That was the REAL terrifying thing.
Not knowing what the future holds.
Not knowing if you have what it takes.
You have the “potential”, but you lack the “experience”.
I could sense that same uneasiness in each of the students in that room that day.
Experience is what builds confidence in a person. It’s gives them comfort knowing that they are good at something and that they can be trusted to walk on their own two feet to do the task repeatedly because they’ve walked that same path over and over again until it’s second nature. People become defined by their experience.
I am an author.
I am an illustrator.
I have walked the path many times over.
Strangely though, a recent survey that I read said that only 19% of people in this country like what they do for a living. There are 81% of people in this country who go to a job that don’t make them happy and they do it for years because it becomes a means to an end for them, that being, to pay the bills so they can live their REAL lives.
Somewhere along that straight line in the early part of their lives there was a kink in the path. Within that straight line 81% of you are doing something you hate to do day in and day out.
How did that happen?
Every year on my birthday, I have traditionally posted about how I have viewed how my life has changed year after year. This year, I think I want to give some personal advice which is probably more useful to the younger visitors of my site and maybe to those folks who want more out of their current lives.
BE PASSIONATE ABOUT SOMETHING.
My father used to tell me that if I got a great paying job that money would bring me happiness.
To me, that couldn’t be further from the truth.

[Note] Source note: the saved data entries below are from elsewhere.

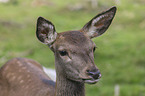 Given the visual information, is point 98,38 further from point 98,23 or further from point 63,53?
point 63,53

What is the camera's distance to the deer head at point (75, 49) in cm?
426

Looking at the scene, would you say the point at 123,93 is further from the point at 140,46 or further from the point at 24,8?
the point at 24,8

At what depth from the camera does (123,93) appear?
10.4 meters

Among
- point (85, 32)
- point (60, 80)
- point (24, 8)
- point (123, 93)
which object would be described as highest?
point (24, 8)

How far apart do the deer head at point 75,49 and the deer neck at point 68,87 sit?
3.2 inches

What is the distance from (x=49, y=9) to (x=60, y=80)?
24487mm

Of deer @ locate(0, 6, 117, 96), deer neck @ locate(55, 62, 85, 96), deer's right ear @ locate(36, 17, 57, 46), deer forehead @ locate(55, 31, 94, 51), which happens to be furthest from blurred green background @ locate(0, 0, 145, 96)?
deer neck @ locate(55, 62, 85, 96)

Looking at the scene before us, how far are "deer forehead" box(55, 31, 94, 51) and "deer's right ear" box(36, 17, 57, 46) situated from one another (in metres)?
0.18

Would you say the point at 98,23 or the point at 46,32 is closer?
the point at 46,32

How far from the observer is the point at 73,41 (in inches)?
179

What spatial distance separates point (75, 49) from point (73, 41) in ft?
0.54

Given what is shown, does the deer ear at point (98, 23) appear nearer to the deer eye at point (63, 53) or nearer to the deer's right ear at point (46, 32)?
the deer's right ear at point (46, 32)

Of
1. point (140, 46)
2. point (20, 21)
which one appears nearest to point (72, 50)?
point (140, 46)

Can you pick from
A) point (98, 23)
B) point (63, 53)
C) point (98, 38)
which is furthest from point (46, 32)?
point (98, 38) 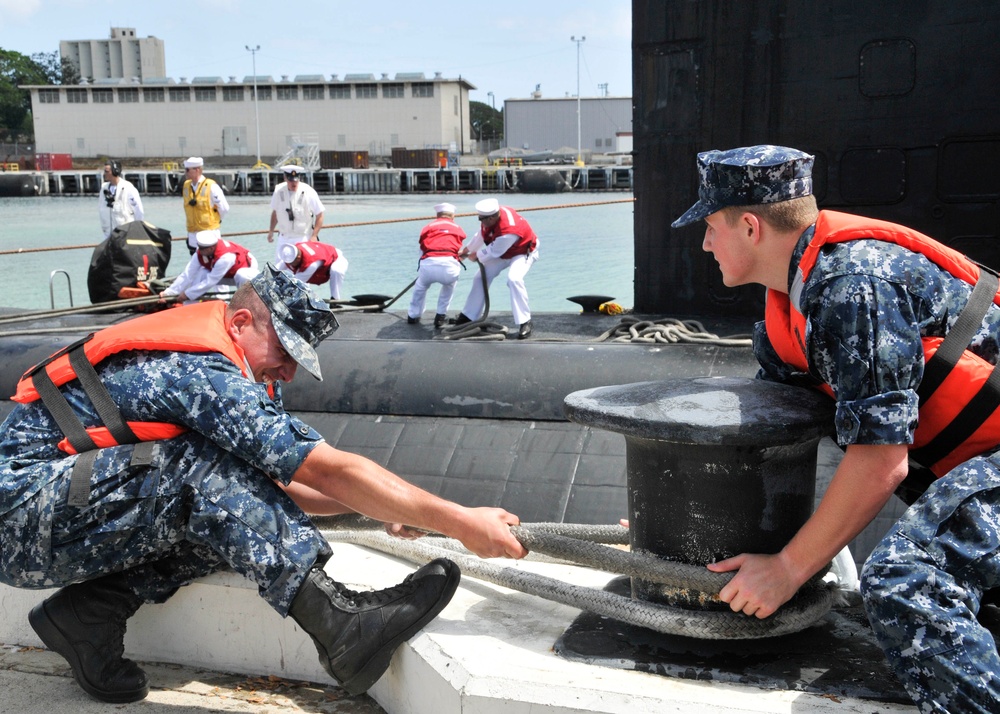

Dig deep in yourself and think about what it is you love and what you’re PASSIONATE about. Everyone is passionate about something. If you’re happy with what you do then you don’t need to be rich. If you’re happy with what you do then working longer hours doesn’t matter. Invest towards that path in life. Don’t spend the good early portion of your life preparing to be something that you think is safer or more lucrative. This is going to be a commitment that you make for the rest of your life, because once you become an adult, and you start earning experience, you begin to be labelled as that thing you spent the good portion of your life preparing to be. You’re the one who will be trusted to walk that same path every day because you do it without falter, because it has become second nature, and once you are defined as that thing it’s really difficult to turn that boat around.
This is not to say that you can’t change if you are currently unhappy.
You just have to know what you are passionate about.
I almost became a dentist. It wasn’t until I almost graduated from college when I realized that I would regret life not trying to go to art school and I finally turned the boat around. It was the fear of doing something that I knew I was going to hate for the rest of my life because it was safe and secure.
What is that thing you will wake up every day excited to do? What is it that you would do even without being asked to do it? What is that thing you want to do that you have an insatiable desire to learn more about and be better at?
That’s your path.
That’s what you should do.
You may not be rich.
You may not be famous.
But you will be happy.
And that’s all that matters.
To all the younger readers who visit my site who have the potential to succeed and be happy for the rest of their lives I tell you to be passionate about something. Love it, and invest your life in it and don’t be afraid of the path you choose because chances are that the thing you love to do is that thing you were born to do.
It will define you.
Attack it with ferocity.
Be determined to excel at it.
Your passion will turn into experience without you knowing it.
I am 12 years young because life started once I became an artist.
Life begins only once that straight line ends and you walk on your own two feet.